What you will do
Only an exact copy of the records, from the line with "Eczema on Scalp" through the last line, is wanted.

Scraped caption text data
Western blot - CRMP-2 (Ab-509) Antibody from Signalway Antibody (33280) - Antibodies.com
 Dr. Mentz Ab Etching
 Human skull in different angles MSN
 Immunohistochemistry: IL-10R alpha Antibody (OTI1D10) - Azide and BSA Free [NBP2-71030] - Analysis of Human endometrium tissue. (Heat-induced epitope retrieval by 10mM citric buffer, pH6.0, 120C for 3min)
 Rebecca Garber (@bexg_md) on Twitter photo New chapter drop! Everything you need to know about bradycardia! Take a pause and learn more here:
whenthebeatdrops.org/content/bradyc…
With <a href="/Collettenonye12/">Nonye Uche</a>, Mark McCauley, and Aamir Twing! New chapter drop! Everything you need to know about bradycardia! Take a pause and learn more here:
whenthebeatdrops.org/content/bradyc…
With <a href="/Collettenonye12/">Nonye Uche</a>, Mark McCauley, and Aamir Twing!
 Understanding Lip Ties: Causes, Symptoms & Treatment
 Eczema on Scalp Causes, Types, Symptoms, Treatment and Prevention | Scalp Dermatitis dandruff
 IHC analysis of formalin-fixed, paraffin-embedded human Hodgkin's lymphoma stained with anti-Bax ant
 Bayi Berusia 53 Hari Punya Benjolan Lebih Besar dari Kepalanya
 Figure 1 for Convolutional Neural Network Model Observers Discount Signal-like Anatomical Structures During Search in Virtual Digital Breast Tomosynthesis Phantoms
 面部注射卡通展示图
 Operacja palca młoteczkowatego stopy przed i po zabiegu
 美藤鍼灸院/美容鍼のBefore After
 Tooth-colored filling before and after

Result of the exercise
 Eczema on Scalp Causes, Types, Symptoms, Treatment and Prevention | Scalp Dermatitis dandruff
 IHC analysis of formalin-fixed, paraffin-embedded human Hodgkin's lymphoma stained with anti-Bax ant
 Bayi Berusia 53 Hari Punya Benjolan Lebih Besar dari Kepalanya
 Figure 1 for Convolutional Neural Network Model Observers Discount Signal-like Anatomical Structures During Search in Virtual Digital Breast Tomosynthesis Phantoms
 面部注射卡通展示图
 Operacja palca młoteczkowatego stopy przed i po zabiegu
 美藤鍼灸院/美容鍼のBefore After
 Tooth-colored filling before and after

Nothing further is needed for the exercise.